Come ritrovare la motivazione per allenarsi
La parte più difficile, spesso, non è scegliere lo sport. È trovare la motivazione per indossare le scarpe da ginnastica quando fuori dalla finestra ci aspetta una giornata piena. Ecco come fare quando la voglia sembra non volersi manifestare:
- Partiamo da obiettivi piccoli: una camminata di 30 minuti, due allenamenti alla settimana, una lezione di yoga nel weekend. Un obiettivo realistico è più facile da rispettare e può diventare progressivamente un'abitudine.
- Mettere l'allenamento in agenda può sembrare poco spontaneo, ma funziona. Se aspettiamo di avere un'ora libera, rischiamo di non trovarla mai. Possiamo scegliere due momenti fissi della settimana e considerarli alla stregua di qualsiasi altro appuntamento.

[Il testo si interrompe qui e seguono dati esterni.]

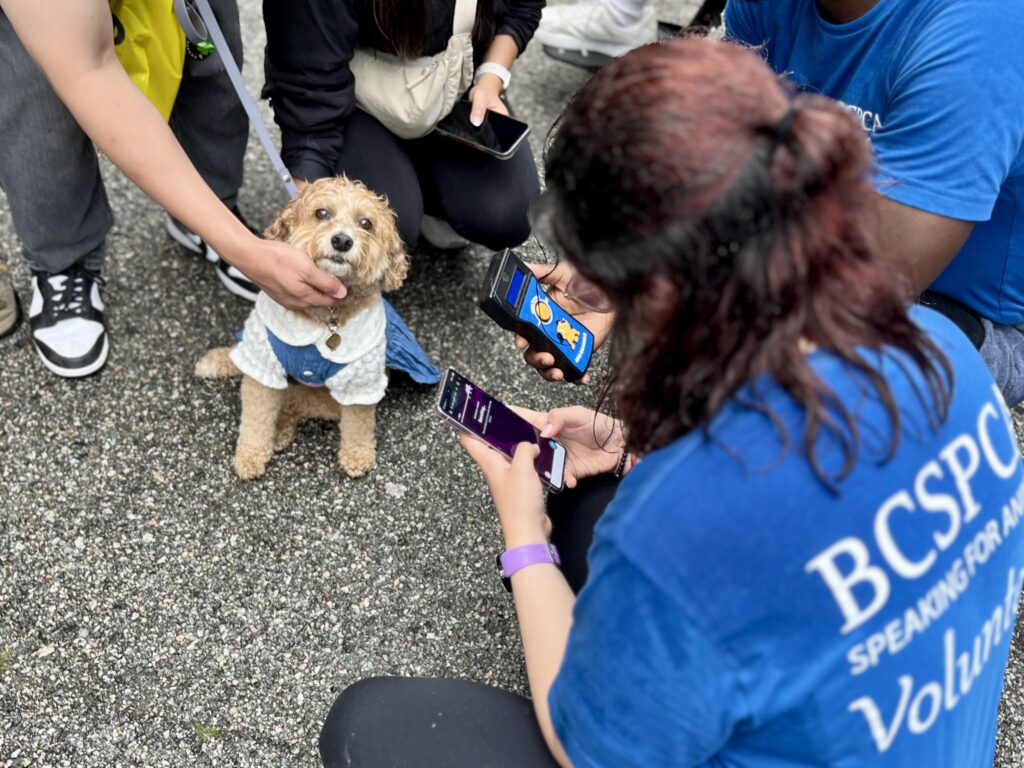 2026 Pet a Palooza BC Pet Registry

- Allenarsi per perdere peso può essere un obiettivo, ma non deve essere l'unico. Possiamo muoverci per: dormire meglio, sentirci più energiche, scaricare lo stress, trascorrere tempo all'aria aperta, ritrovare una sensazione di benessere, avere un momento solo per noi, stare in compagnia.
- Trovare la compagnia giusta può essere d'aiuto. Un'amica con cui andare a camminare, un corso di gruppo o una collega con cui condividere una lezione possono trasformare l'allenamento in un momento sociale. E c'è un vantaggio ulteriore: quando abbiamo un appuntamento con qualcun altro, è più difficile rimandarlo per la classica frase "oggi non ne ho voglia".
- Il rientro dalle ferie non deve necessariamente coincidere con un nuovo inizio radicale. Possiamo cominciare anche con poco.L 'obiettivo non è tornare subito alla versione di noi stesse che si allenava prima delle vacanze. È costruire una nuova routine che possiamo mantenere anche quando settembre sarà diventato ottobre.